When I tried to connect to the restored database with psql \c I got:


[root@localhost local]# sudo -u postgres pgbeta/bin/psql -h /tmp -p 5431
psql (17beta1)
Type "help" for help.

postgres=# select version ();
                              version
--------------------------------------------------------------------
 PostgreSQL 17beta1 on x86_64-linux, compiled by gcc-14.1.1, 64-bit
(1 row)

postgres=# \l
                                                List of databases
   Name    |  Owner   | Encoding | Locale Provider | Collate | Ctype | Locale | ICU Rules |   Access privileges
-----------+----------+----------+-----------------+---------+-------+--------+-----------+-----------------------
 cpsdb     | postgres | UTF8     | builtin         | C       | C     | C      |           |
 postgres  | postgres | UTF8     | builtin         | C       | C     | C      |           |
 template0 | postgres | UTF8     | builtin         | C       | C     | C      |           | =c/postgres          +
           |          |          |                 |         |       |        |           | postgres=CTc/postgres
 template1 | postgres | UTF8     | builtin         | C       | C     | C      |           | =c/postgres          +
           |          |          |                 |         |       |        |           | postgres=CTc/postgres
(4 rows)

postgres=# \c cpsdb
pgbeta/bin/psql: symbol lookup error: pgbeta/bin/psql: undefined symbol: PQsocketPoll
[root@localhost local]#

----------------------------------------------------------------------- ERROR ^^^^^^^^^^^^^^^^^^^^^^

So it was not possible to use the database locally with psql.

2. Analysis

(To my understanding) the problem comes from incompatible libpq.so libraries on the system.
The installation of all the development packages installed :

[root@localhost lib64]# dnf list installed libpq
Installed Packages
libpq.x86_64                                         16.1-4.fc40                                          @fedora

This is the older version provided by Fedora (Nov 2023!, even after 16.3 from May 2024)

3. Questions

- Why doesn't psql use the just created lib64/libpq.so.5.17 from ninja install?

The loading of the locally available libpq.so should always have priority over a system wide in /usr/lib64

- Why is the Fedora supplied library 2 minor versions behind?

- How to install the new libpq systemwide to make it usable for all applications (not only postgres supplied clients)?
To my understanding libpq is normally downward compatible, so it may be possible to use libpq17 against all supported older releases

4. Proposals

- The distributors like Fedora, Debian,Ubuntu etc. should be encouraged to update the minor versions IN A TIMELY FASHION like any other upgrades: Minor versions normally don't break anything and often contain security fixes and important bug fixes valuable to all update-willing users of the system. Perhaps somebody deeper involved can support the distributors in this case.

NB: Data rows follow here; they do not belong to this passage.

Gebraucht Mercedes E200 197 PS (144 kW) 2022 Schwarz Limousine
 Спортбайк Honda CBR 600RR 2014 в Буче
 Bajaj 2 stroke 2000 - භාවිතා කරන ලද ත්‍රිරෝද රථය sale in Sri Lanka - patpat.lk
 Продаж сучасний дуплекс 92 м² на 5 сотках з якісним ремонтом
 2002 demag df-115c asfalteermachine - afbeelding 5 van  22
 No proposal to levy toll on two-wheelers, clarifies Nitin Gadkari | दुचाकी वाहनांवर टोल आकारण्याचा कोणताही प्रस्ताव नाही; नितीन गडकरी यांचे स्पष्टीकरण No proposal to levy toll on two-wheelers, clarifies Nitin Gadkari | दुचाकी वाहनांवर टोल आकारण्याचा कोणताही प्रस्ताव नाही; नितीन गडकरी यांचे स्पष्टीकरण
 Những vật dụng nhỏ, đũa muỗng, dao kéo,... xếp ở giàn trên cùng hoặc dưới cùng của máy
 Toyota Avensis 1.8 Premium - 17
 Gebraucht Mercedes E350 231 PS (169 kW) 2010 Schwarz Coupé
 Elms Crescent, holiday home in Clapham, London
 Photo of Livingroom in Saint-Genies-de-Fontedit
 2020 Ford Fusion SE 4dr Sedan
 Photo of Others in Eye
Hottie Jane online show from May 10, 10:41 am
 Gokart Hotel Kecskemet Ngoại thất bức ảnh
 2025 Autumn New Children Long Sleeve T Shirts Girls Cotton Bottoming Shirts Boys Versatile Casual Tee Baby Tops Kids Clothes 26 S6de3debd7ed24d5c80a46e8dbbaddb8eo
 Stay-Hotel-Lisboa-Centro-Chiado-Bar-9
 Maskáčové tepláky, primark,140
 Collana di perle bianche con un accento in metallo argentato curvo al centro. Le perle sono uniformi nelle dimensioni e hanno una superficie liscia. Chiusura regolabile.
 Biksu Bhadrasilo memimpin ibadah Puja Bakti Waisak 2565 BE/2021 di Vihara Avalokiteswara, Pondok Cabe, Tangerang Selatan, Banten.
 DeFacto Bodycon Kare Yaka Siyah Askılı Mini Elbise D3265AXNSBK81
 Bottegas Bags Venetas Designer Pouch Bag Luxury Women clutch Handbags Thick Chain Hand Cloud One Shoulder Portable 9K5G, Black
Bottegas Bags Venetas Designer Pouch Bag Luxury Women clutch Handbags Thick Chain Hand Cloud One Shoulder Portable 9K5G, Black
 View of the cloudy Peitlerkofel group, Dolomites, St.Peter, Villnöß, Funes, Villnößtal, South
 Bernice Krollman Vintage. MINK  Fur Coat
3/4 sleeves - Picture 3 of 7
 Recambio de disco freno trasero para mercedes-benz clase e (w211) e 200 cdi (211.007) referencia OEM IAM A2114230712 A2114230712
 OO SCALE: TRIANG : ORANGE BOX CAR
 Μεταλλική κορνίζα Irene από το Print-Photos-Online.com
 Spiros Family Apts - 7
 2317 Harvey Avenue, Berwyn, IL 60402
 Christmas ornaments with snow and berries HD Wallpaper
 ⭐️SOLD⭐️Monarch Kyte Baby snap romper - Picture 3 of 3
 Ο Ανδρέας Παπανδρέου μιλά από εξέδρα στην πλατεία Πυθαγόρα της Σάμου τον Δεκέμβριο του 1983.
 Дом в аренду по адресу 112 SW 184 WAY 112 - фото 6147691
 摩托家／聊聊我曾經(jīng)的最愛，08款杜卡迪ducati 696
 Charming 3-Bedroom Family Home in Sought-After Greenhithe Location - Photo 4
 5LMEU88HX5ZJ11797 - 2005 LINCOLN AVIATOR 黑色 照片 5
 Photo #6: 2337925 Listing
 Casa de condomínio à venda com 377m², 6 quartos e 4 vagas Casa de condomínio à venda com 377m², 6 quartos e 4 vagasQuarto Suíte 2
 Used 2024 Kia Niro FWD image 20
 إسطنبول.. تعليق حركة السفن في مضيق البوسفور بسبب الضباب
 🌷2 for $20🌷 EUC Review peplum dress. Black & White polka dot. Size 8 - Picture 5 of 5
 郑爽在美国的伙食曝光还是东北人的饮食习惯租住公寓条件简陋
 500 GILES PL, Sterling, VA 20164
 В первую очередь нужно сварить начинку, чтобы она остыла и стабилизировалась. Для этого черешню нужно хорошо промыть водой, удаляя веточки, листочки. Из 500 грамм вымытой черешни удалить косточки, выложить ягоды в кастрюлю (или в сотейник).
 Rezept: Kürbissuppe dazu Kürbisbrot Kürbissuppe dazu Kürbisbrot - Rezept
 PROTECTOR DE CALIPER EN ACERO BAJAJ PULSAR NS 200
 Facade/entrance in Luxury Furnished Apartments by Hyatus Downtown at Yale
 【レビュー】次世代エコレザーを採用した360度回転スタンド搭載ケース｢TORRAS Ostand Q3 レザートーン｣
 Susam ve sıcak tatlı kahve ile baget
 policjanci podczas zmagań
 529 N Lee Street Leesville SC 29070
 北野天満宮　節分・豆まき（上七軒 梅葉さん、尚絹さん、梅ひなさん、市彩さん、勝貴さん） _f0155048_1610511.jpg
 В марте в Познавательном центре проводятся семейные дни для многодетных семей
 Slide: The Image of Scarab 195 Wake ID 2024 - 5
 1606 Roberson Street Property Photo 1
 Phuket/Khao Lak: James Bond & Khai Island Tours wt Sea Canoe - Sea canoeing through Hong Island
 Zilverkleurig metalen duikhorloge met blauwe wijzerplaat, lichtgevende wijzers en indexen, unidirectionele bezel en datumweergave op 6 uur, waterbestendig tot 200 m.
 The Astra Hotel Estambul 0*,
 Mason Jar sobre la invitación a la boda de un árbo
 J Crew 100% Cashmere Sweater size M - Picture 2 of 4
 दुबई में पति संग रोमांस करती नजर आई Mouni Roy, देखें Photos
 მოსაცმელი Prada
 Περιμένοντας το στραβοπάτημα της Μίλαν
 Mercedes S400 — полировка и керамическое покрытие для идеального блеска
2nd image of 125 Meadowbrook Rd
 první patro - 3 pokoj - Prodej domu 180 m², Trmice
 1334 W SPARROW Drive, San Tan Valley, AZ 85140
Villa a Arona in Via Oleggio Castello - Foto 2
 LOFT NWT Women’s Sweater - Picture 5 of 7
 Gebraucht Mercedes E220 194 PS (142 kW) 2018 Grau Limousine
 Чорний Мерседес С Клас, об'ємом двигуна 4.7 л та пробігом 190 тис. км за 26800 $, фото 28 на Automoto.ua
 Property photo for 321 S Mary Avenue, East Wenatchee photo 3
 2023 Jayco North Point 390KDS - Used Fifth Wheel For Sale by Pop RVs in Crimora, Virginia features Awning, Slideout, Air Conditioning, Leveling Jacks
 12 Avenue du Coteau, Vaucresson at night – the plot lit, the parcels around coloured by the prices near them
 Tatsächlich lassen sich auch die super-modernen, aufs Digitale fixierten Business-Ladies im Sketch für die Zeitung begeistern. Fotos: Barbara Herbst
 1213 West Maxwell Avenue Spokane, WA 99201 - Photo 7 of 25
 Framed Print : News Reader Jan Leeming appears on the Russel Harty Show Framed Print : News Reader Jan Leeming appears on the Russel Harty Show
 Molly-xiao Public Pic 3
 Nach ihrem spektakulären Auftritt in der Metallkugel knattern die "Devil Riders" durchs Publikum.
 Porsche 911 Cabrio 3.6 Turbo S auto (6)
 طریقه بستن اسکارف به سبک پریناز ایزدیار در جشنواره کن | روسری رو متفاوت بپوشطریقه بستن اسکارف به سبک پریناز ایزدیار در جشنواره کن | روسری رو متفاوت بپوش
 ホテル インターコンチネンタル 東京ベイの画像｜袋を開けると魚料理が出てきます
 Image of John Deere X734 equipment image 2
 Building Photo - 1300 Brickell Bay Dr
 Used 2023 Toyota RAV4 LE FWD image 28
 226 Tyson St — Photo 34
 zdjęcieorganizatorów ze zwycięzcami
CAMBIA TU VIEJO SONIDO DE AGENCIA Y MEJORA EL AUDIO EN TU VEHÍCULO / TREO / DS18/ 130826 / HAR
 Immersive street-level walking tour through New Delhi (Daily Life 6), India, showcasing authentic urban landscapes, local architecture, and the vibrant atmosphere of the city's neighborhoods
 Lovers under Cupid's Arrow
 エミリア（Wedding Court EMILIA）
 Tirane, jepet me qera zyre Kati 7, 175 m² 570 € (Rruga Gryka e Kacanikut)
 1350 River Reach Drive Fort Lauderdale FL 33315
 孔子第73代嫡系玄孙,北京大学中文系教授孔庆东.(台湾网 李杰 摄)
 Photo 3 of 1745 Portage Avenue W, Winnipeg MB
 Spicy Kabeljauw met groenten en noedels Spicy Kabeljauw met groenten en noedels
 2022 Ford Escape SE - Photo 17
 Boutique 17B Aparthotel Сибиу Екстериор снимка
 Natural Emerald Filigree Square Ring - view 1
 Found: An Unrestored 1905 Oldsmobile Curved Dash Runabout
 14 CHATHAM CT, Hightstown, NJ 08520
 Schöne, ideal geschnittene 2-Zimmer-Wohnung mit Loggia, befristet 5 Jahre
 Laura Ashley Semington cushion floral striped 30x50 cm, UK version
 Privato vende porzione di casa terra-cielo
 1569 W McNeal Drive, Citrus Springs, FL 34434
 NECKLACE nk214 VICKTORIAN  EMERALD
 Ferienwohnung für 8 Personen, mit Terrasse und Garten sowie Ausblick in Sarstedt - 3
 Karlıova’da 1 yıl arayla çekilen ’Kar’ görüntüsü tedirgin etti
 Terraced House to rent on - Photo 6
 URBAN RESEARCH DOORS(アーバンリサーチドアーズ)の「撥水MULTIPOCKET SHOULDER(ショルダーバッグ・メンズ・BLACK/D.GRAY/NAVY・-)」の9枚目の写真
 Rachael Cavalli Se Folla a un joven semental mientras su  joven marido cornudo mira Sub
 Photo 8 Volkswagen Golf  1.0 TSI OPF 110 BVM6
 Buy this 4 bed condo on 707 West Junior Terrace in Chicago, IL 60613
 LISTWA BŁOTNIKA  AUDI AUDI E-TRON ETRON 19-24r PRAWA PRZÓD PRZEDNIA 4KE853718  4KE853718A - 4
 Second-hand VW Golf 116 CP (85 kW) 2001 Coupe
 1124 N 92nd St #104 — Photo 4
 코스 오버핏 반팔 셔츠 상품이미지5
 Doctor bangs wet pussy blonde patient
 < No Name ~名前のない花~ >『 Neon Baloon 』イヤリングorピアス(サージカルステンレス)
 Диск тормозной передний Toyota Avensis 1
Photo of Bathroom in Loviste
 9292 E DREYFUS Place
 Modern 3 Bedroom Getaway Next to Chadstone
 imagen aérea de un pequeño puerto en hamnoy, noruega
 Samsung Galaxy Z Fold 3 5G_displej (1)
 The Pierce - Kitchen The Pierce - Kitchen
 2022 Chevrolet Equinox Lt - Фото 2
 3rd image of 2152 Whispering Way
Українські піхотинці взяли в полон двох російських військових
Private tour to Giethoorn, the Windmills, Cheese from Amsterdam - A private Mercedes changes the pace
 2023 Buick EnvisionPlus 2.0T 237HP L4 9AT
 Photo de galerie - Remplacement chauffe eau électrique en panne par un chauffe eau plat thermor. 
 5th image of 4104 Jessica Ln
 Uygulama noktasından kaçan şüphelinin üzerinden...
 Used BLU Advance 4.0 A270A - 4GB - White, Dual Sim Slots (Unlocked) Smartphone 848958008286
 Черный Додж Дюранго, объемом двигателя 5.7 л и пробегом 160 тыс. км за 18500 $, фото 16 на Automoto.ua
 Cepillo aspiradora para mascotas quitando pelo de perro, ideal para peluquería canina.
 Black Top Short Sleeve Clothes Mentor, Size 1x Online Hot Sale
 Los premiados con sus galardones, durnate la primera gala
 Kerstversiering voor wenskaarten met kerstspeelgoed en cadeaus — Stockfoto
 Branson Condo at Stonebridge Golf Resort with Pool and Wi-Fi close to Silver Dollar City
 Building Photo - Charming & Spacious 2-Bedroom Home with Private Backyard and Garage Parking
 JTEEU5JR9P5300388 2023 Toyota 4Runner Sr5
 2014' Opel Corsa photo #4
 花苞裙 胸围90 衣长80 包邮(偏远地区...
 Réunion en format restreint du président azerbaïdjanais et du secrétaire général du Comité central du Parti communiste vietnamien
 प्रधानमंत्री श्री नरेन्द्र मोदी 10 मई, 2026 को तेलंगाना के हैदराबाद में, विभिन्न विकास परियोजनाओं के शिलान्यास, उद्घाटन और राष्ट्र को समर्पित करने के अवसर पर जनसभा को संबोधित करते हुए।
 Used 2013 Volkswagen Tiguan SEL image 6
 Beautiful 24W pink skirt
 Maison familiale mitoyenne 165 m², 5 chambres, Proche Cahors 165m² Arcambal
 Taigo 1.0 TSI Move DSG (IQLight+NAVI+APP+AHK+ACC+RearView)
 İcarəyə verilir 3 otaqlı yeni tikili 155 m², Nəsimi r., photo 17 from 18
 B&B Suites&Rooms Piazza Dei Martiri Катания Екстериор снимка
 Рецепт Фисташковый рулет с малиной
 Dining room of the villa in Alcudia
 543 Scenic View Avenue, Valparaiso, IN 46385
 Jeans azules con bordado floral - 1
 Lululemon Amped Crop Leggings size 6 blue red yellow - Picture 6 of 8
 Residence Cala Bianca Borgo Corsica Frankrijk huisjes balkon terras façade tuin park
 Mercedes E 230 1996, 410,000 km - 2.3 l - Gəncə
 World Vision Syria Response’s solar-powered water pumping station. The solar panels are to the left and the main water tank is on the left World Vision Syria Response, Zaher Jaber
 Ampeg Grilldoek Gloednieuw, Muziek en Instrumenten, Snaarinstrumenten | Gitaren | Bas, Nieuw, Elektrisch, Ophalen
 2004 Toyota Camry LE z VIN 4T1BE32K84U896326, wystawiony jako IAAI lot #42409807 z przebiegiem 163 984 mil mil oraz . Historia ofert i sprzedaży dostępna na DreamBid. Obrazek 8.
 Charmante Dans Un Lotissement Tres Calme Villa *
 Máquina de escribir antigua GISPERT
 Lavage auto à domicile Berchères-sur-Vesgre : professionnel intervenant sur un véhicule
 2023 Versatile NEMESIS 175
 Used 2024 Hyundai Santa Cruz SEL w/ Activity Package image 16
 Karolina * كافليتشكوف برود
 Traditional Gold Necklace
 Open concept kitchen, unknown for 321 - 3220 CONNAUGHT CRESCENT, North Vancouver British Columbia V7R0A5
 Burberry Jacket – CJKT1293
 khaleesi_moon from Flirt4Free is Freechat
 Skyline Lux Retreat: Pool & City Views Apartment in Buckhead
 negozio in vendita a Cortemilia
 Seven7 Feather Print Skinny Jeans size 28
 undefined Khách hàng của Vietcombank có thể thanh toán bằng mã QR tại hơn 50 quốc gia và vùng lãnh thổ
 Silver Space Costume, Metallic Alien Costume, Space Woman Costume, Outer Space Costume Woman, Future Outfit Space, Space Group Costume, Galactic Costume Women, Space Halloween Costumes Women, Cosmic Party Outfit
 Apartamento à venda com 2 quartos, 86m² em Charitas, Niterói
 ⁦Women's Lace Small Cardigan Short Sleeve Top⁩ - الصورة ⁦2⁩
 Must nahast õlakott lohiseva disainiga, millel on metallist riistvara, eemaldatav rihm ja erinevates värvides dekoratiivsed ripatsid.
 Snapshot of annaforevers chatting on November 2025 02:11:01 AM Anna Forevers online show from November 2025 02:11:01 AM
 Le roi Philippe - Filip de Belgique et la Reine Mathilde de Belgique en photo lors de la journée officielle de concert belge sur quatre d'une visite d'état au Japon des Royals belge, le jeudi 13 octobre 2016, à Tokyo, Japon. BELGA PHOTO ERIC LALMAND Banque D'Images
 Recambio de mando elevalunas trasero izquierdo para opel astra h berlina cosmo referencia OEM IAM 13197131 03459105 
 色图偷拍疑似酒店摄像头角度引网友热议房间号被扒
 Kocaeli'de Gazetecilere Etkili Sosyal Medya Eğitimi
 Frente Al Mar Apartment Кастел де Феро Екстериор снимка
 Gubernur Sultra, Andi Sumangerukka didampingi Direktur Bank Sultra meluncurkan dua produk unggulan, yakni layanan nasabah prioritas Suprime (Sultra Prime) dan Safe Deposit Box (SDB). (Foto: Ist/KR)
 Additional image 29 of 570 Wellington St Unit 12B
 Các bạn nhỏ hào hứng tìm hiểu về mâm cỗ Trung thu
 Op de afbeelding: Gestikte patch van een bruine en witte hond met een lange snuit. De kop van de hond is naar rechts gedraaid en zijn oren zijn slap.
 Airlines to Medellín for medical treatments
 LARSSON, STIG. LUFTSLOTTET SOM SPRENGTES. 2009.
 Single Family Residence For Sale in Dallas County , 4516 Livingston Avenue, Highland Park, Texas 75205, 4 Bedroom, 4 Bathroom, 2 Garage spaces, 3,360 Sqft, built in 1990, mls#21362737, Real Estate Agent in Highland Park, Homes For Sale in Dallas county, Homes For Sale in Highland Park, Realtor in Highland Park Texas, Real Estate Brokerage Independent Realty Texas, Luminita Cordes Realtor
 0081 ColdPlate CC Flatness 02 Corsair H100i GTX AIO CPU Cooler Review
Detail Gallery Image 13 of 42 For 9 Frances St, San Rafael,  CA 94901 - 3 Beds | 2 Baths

-  PGDG should provide the newest libpq.so (beta or stable) in its common repository starting at the first beta release of a major version.
So everybody can install it separately and test it against its own application. This should ease real world testing alot.

- Due to the downward compatibility of libpq and the difficulty of handling multiple versions on the same machine I propose to always provide the newest libpq (highest stable version and latest beta version) for separate installation.
This should be independend installable from the main packages, much like the Visual runtime libraries for applications under Windows.

The user can choose between the latest stable version (at this time libpq 16.3), the latest beta (at this time libpq 17beta) or the version belonging to its major/minor version. This should be documented and be easyly changeable.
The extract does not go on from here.